Imagine uma situação bem ridícula: um jovem rapaz vai para uma boate para paquerar. Lá, ele vê duas amigas: uma loira e outra morena.
Como ele gosta de loiras, ele a chama pra dançar, ao invés de chamar a morena.
E aí? A morena poderia alegar discriminação?
É por isso que a horizontalização dos direitos fundamentais deve ser vista sempre com base no bom senso, conforme você disse. Do contrário, a nossa liberdade de escolha estará totalmente suprimida e viveremos um totalitarismo pior do que o pior dos totalitarismos.
George Marmelstein
É verdade professor, e que ditadura.
Mas me dia uma coisa, o cerne da controvérsia está no motivo de alguém não gostar?
pois veja outra situação, vou usar um exemplo meramente ilustrativo.
Uma mulher negra em uma boate e após ser paquerada por dois amigos, um loiro dos olhos azuis, e outro de pele escura. Ela resolve ficar com o negro porque já teve experiências no passado com brancos, e elas os detesta, e mais, os acha fedidos.
Esse motivo, acaso exteriorizado, é passível de rescarcimento pecuniário?
É bem esquisito isso, ou ela, a moça, teria que deixar os dois competirem em igualdade de condições pelo amor posterior?
Nossa viajei!!!!!!!!!
Prevejo uma overdose de Boston Legal nos últimos dias. Veja só a descrição de alguns episódios da primeira temporada:
“Shore representa um candidato a prefeitura que deseja que uma campanha negativa sobre ele deixe de ser veicula na mídia. Lori tenta ajudar um homem que está com câncer e não consegue ter acesso ao sangue congelado que pode salvar sua vida”.
“Shore representa o dono de uma propriedade para pessoas de baixa renda sentenciado a usar uma placa indicando o que ele realmente faz. Lori defende um homem que foi baleado no peito mas não quer que a bala seja extraída porque ela irá ligá-lo a um crime”.
“Shore defende um travesti contra um equívoco em sua rescisão”.
“Shore e Crane descobrem que a empresa farmacêutica que estão representando andou fazendo testes secretos com uma droga não aprovada. Tara se faz passar por comissária de bordo para conseguir informações de um advogado num caso de discriminação de idade”.
“Um sudanês quer processar o governo americano pela falta de ação durante a desordem de seu país. Paul pede para Lori pegar o caso”.
“Lori, ao lado de Denny e Shirley, defende o superintendente de um escola que demitiu dois professores de ciências porque eles se recusaram a ensinar criacionismo”.
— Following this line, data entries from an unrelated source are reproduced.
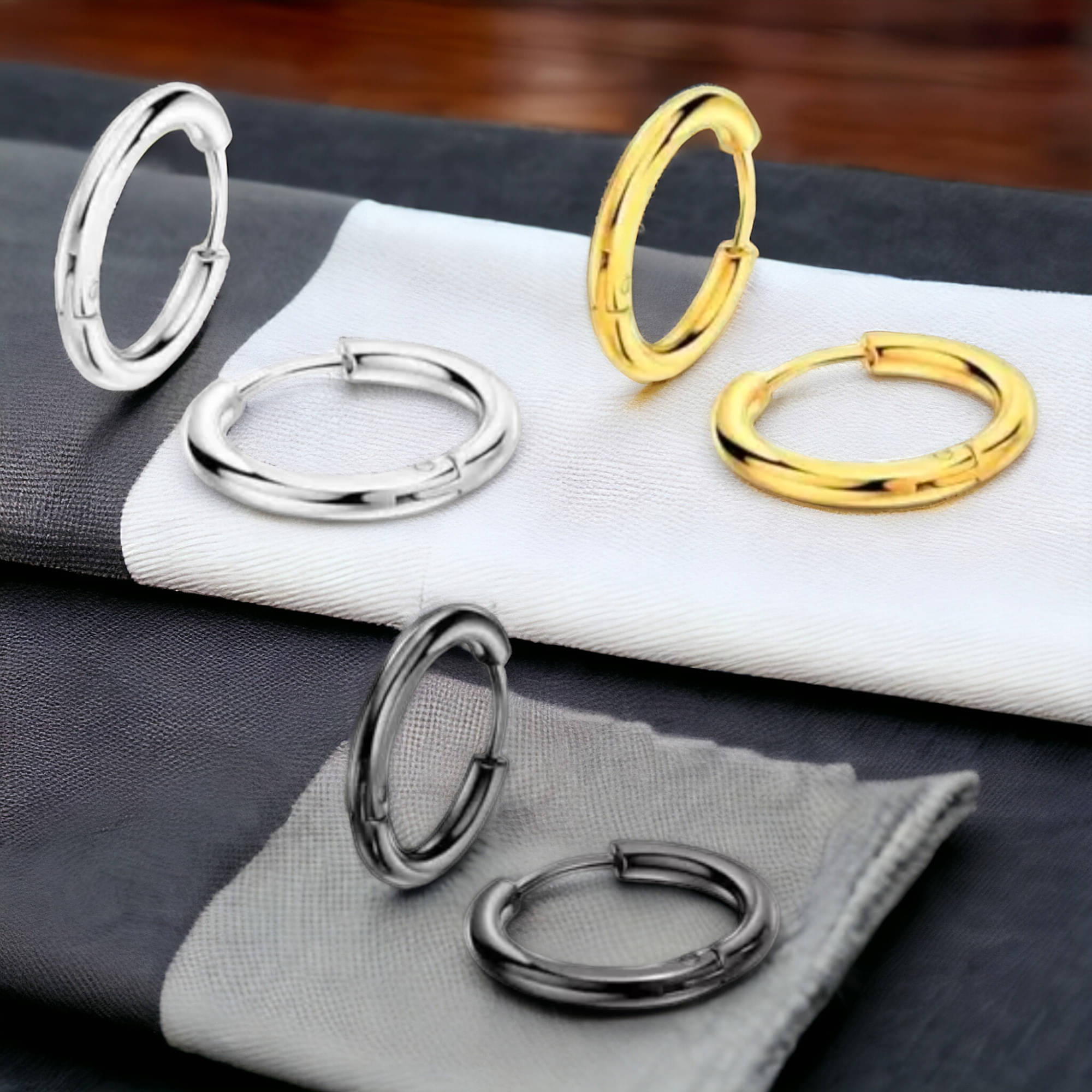     			Shree Ju Trendy Silver Black Golden Hinged Tik Tok Bali Combo For Men Women (3 Sets)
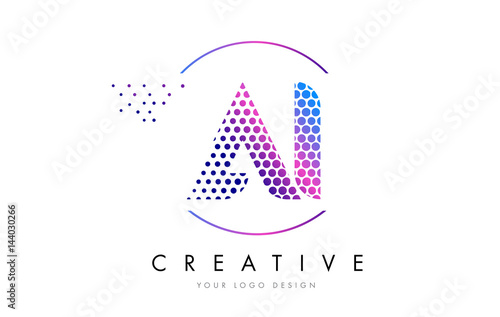 AI A I Pink Magenta Dotted Bubble Letter Logo Design Vector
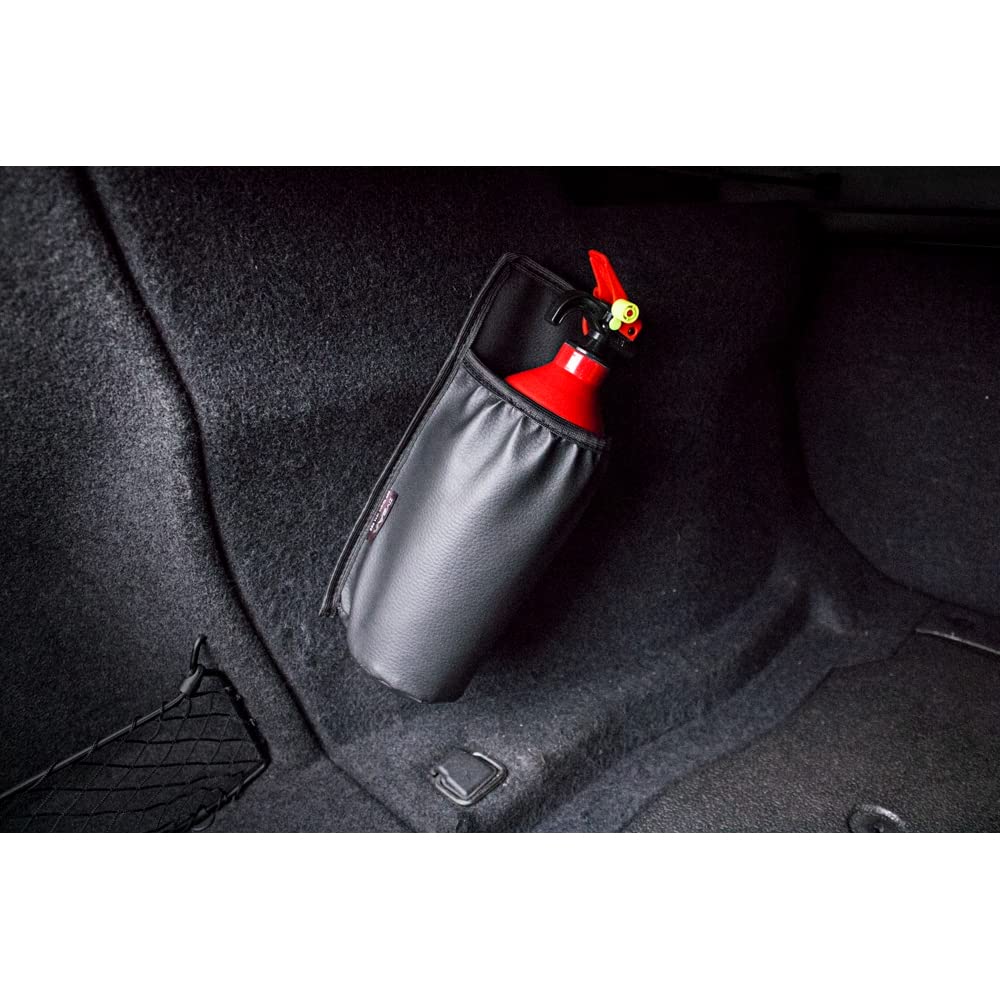 Fire Extinguisher Holder Only Universal Car Fire Extinguisher Cover Bag, Faux Leather, Easy Install with Hook & Loop Self Fastener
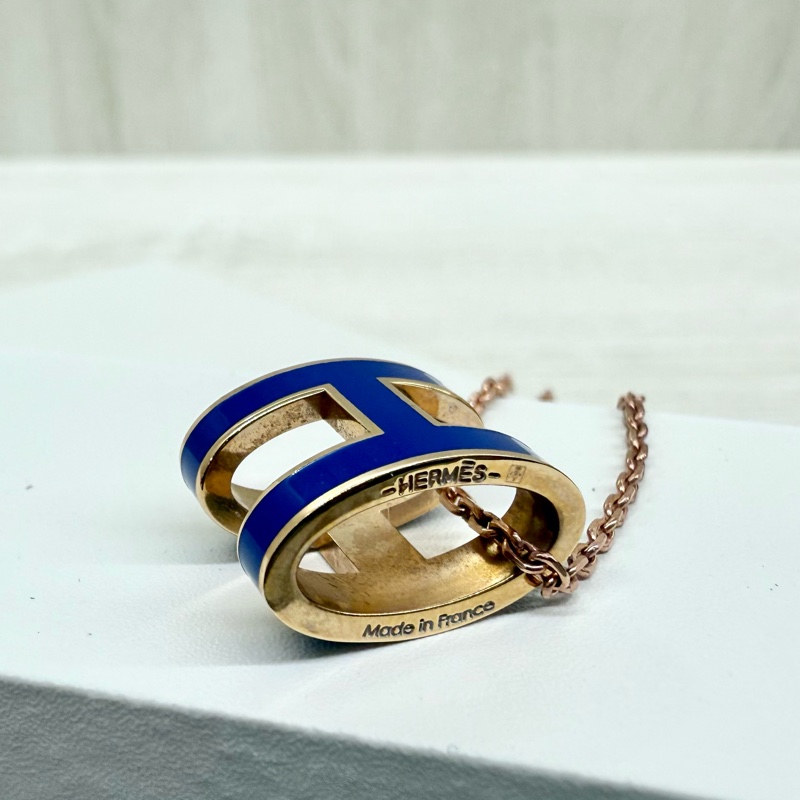 HERMES寶藍色琺瑯玫瑰金鍊POP H項鍊-12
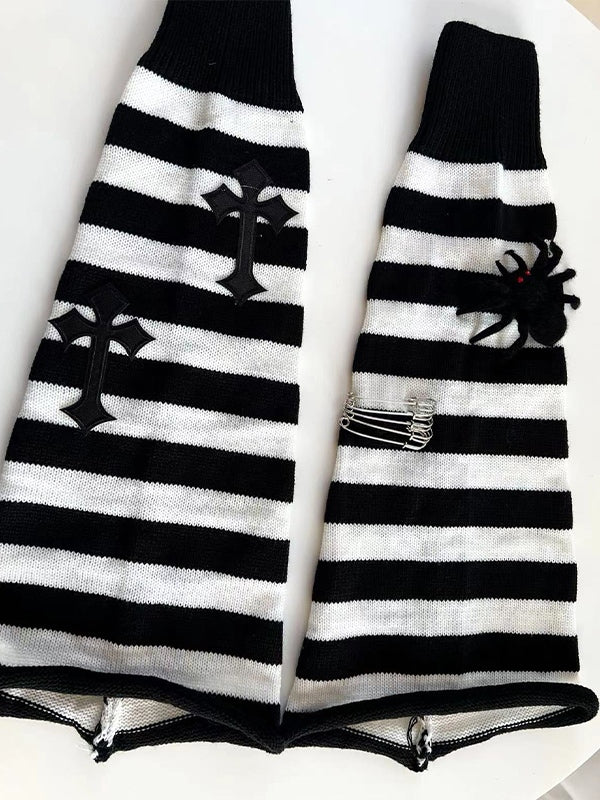 Punk Cross Striped Leg Warmer - Image 8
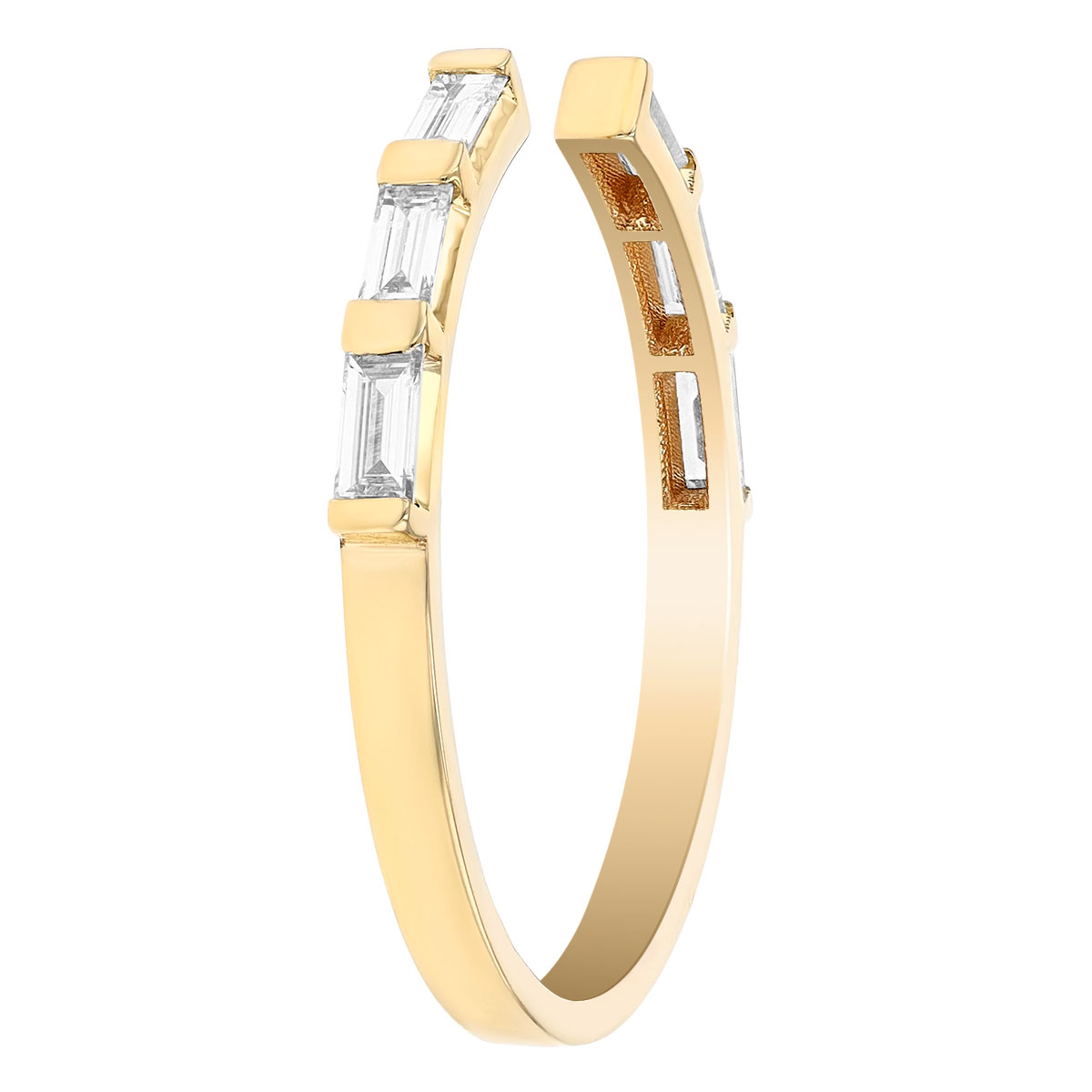 Zoe Chicco Straight Baguette Diamond Open Stacking Ring in Yellow Gold
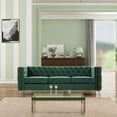 thumbnail image 2 of Rnfurnishings 2-PC Velvet Living Room Furniture Sofa+Armchair Set-Dark Green, 2 of 8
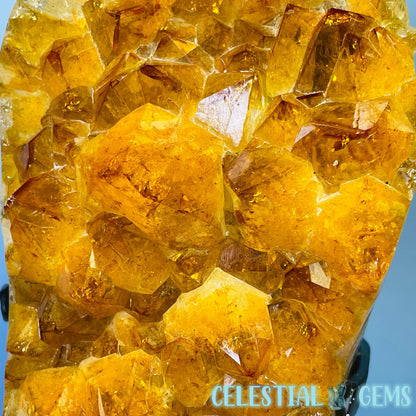 High Quality Citrine (HT) Polished Large Cluster on Metal Stand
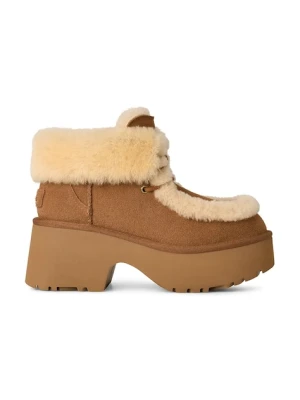 UGG botki zamszowe Esmee Lace Up kolor brązowy na słupku ocieplone 1171532.CHE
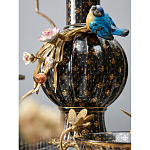 Ваза черная фарфоровая с  узором и бронзовым декором в виде веток с фарфоровой птичкой и цветами Eden Garden варинант исполнения - 3 | Loft Concept в Волгограде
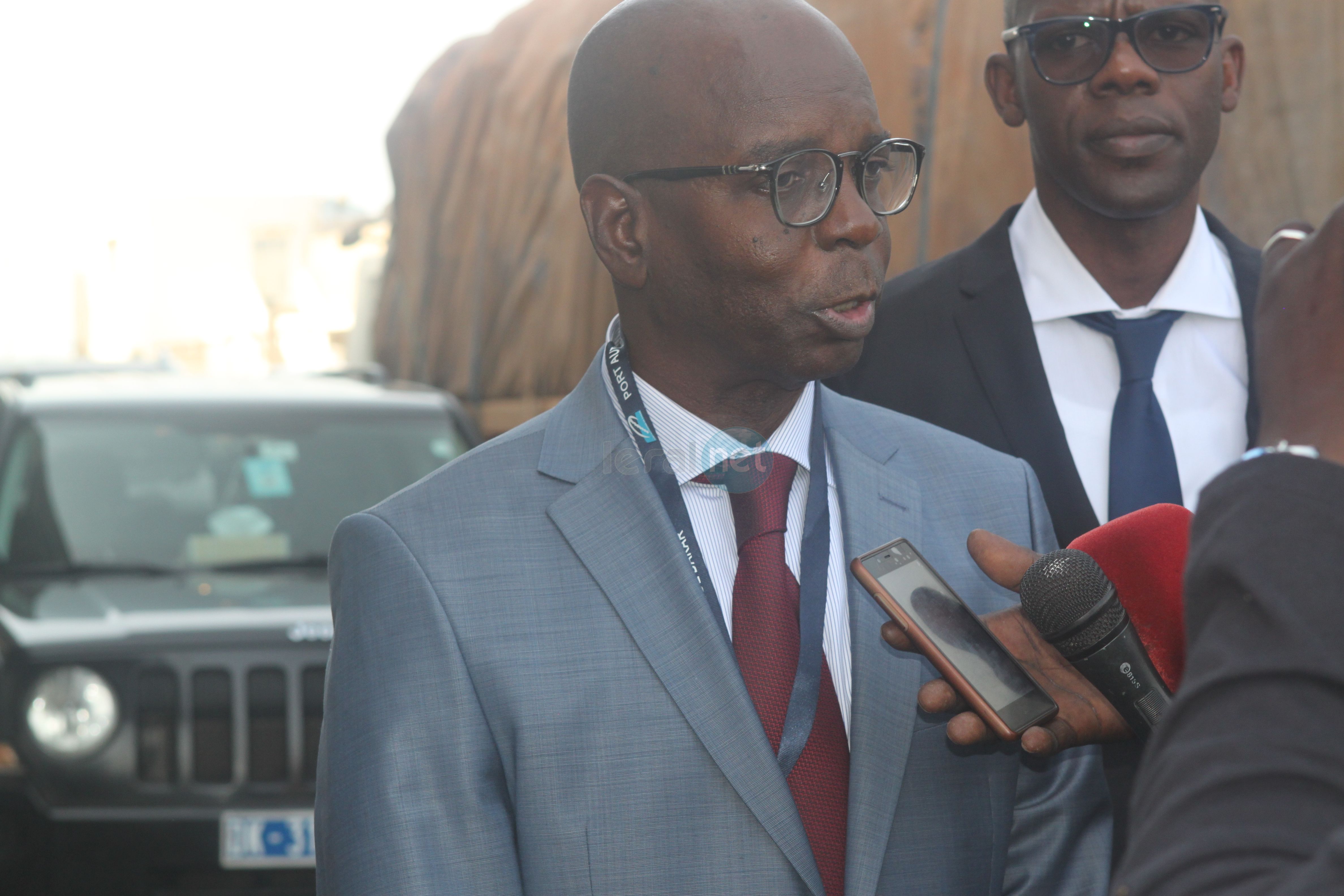 Rencontre entre le Dr Cheikh Kanté directeur général du port autonome de Dakar  et Maître Baber Gano ministre Malien des transports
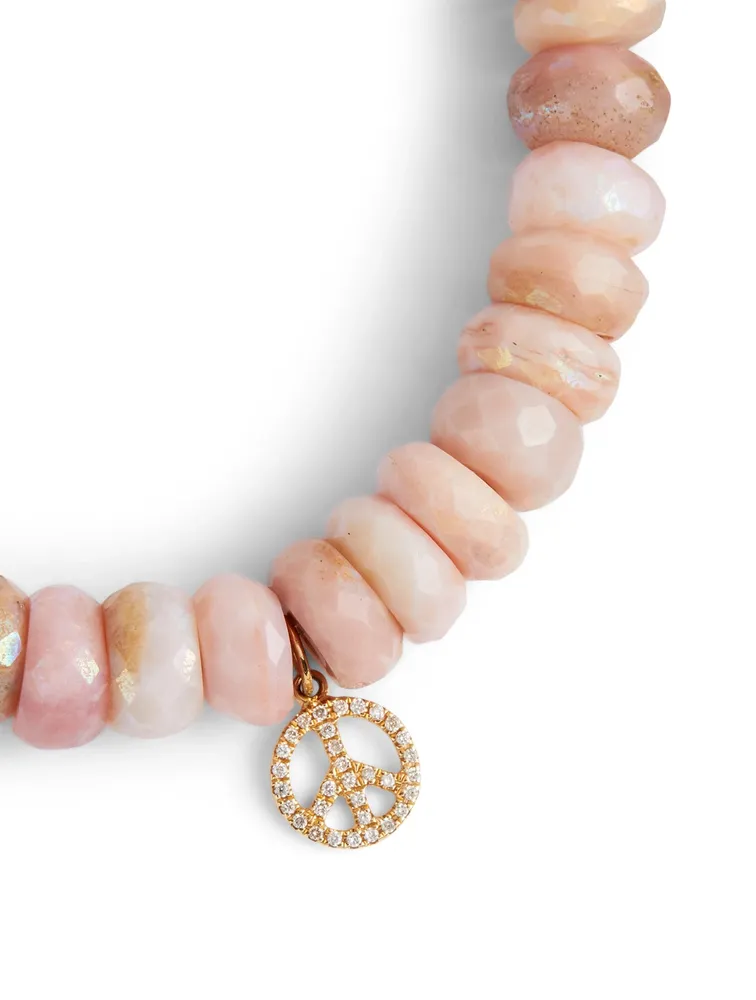 Pink Opal Beaded Bracelet With 14K Gold Mini Diamond Peace Sign Charm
“Alan é chamado para auxiliar Denny no julgamento de um médico que está sendo processado por prescrever uma droga que não foi aprovada pelo governo”.
“Milton Bombay vai ao tribunal pedir permissão para ser congelado até o próximo século, para continuar sendo um grande advogado. Ele pede a ajuda de Denny e Shirley. Alan e Chelina defendem um estudante do ensino médio que acusa seu professor de censura por impedir que um programa de notícias seja exibido na escola”.